WELAHAN – Saat ini, pesanan batu bata boleh dibilang berkurang. Hal itu karena tidak banyak proyek yang berjalan. Selain itu seiring intensitas hujan yang kian kerap, produksi batu bata juga tak sebanyak musim kemarau dikarenakan dalam proses pembuatannya, perajin hanya mengandalkan cahaya matahari sebagai satu-satunya pemanas untuk mengeringkan bata basah.

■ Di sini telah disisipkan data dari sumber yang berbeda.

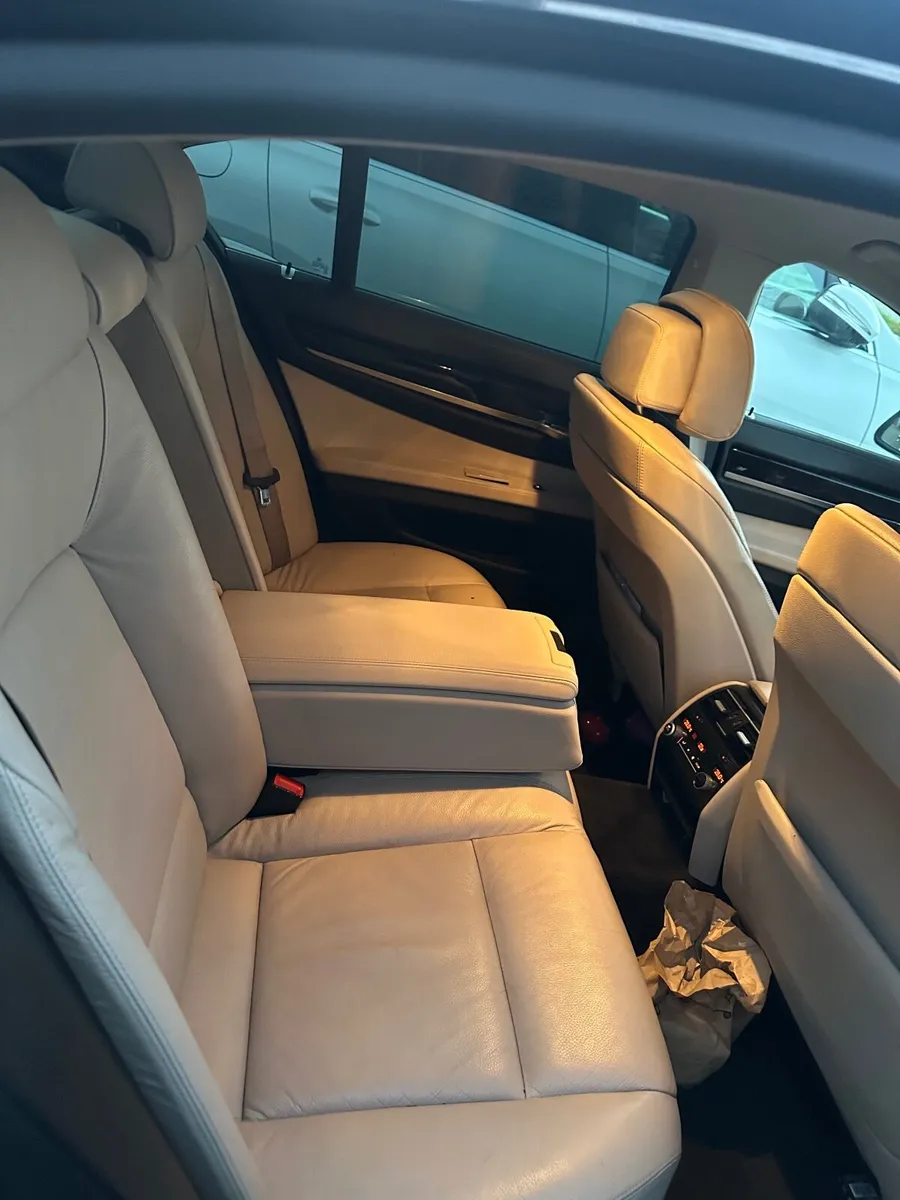 BMW 7-Series 2009 - Image 2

“Kini produksinya menurun 50 persen. Jika di hari terik, bisa memproduksi seribu bata per hari. Kini hanya bisa setengahnya, soalnya kita kan menjemur bata mengandalkan cahaya matahari. Kalau yang sudah dibuat kemarin belum kering, ya otomatis tak bisa buat bata yang baru lagi,” kata Ahmadi (50) seorang perajin batu bata tradisional di Desa Kalipucang Wetan, Kecamatan Welahan, Senin (20/11/2017).
Adapun untuk 1000 bata matang, kata dia, dibanderol dengan harga Rp 460 ribu. “Namun kalau kualitas batanya lebih jelek harganya ya bisa lebih turun lagi,” lanjutnya.
Dirinya menerangkan kalau pasokan bahan baku masih mudah didapat, dirinya biasa mendapatkan bahan baku dari Gemiring, Tunggul, dan Pringtulis. Untuk satu truk tanah, harganya sekitar Rp 250 ribu.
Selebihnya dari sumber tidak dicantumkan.